One of the victims, Mackenzie O'Brien, nearly lost her arm in the accident. She now has stitches in several places, including in her ear where her earring ripped through.
"Who would just do that?" said O'Brien, a freshman at Western Washington University. "We could have been killed. Were they just going to drive off, thinking that we were dead?"
O'Brien and her friend, Justine Phillipson, got off a bus Friday night in the fog and headed toward a house party with a group when a car coming down the hill with its headlights off hit the women.
"I was so in shock, I was crying. My arm was dangling from me. Hurt so bad, and everyone was screaming," said O'Brien.
Phillipson suffered bruises and a concussion. But O'Brien's condition was far worse.
"I saw her and my heart just stopped," said the victim's father, Dale O'Brien.
Dale said Mackenzie's humerus bone broke all the way through and blood stopped flowing in her right side, sparking concerns that her bone had pierced an artery and her arm might require amputation.
"There was a little bone sticking through my skin," said Mackenzie.
Conditions were too foggy to airlift Mackenzie, so an ambulance transported the 18-year-old victim to Harborview Medical Center in Seattle where surgeons saved her arm.

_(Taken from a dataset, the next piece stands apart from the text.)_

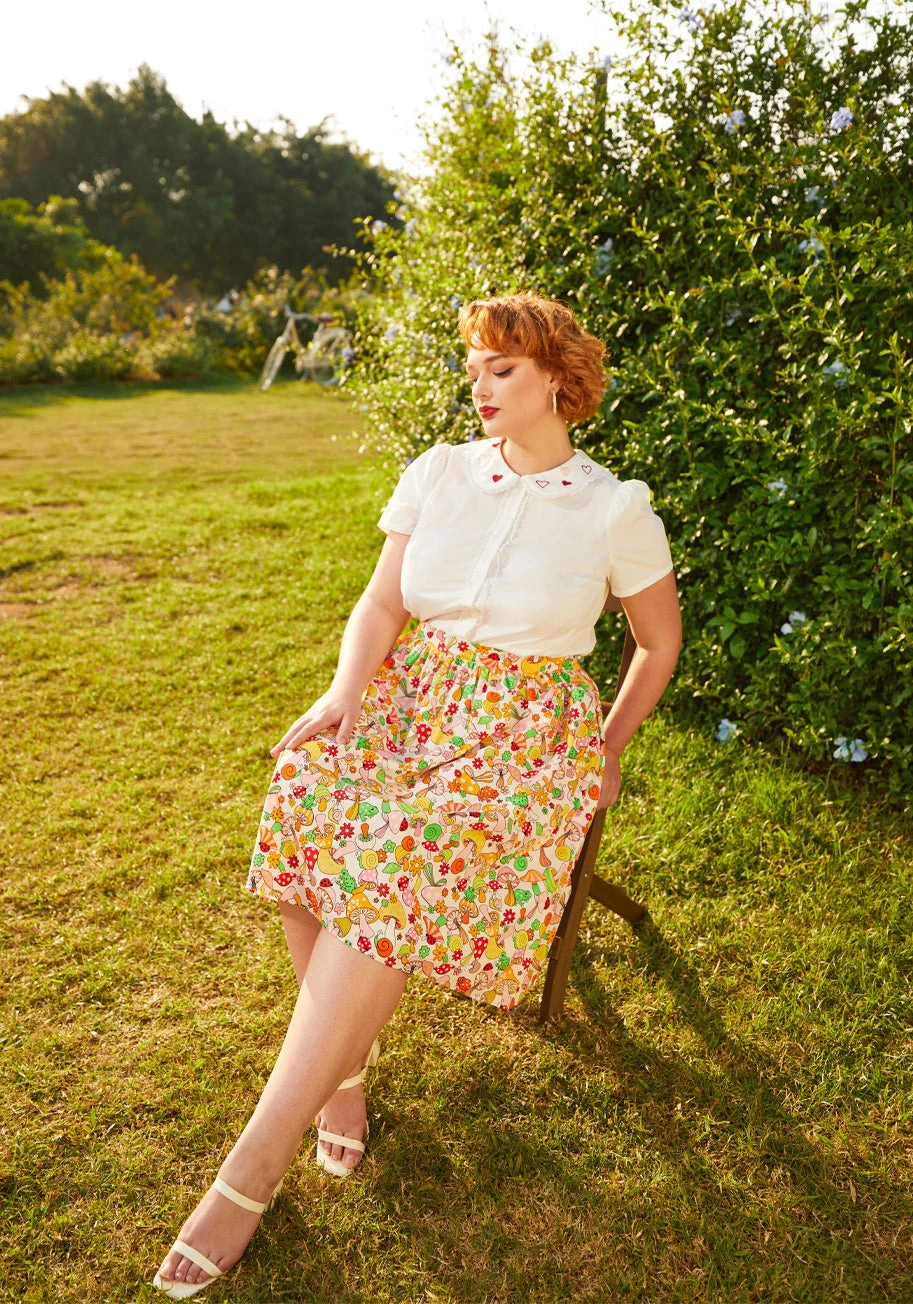 More Than Charming Psychedelic Mushroom & Frog Print A-Line Skirt with Pockets 9 More Than Charming Psychedelic Mushroom & Frog Print A-Line Skirt with Pockets - Image 7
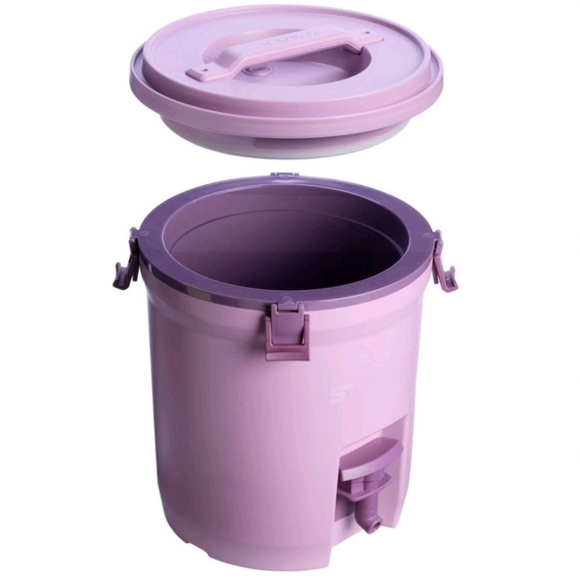 Stanley 2 Gallon Adventure Fast Flow Water Jug Lilac - Picture 3 of 6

The injury is cutting short her first year in college.
"Yeah, it's sad," said Mackenzie.
Mackenzie says she might have forgiven the driver had he or she come forward.
"Honestly, that's so selfish. I would never do that, even with an animal. Most people stop and figure out what happened."
The family is offering a $1,000 reward for information leading to a conviction in the case.
"They hit my beautiful daughter, and there needs to be penalties," said Dale.
Witnesses believe the car was a dark green or gray older boxy model, maybe a Honda Civic or a Volvo.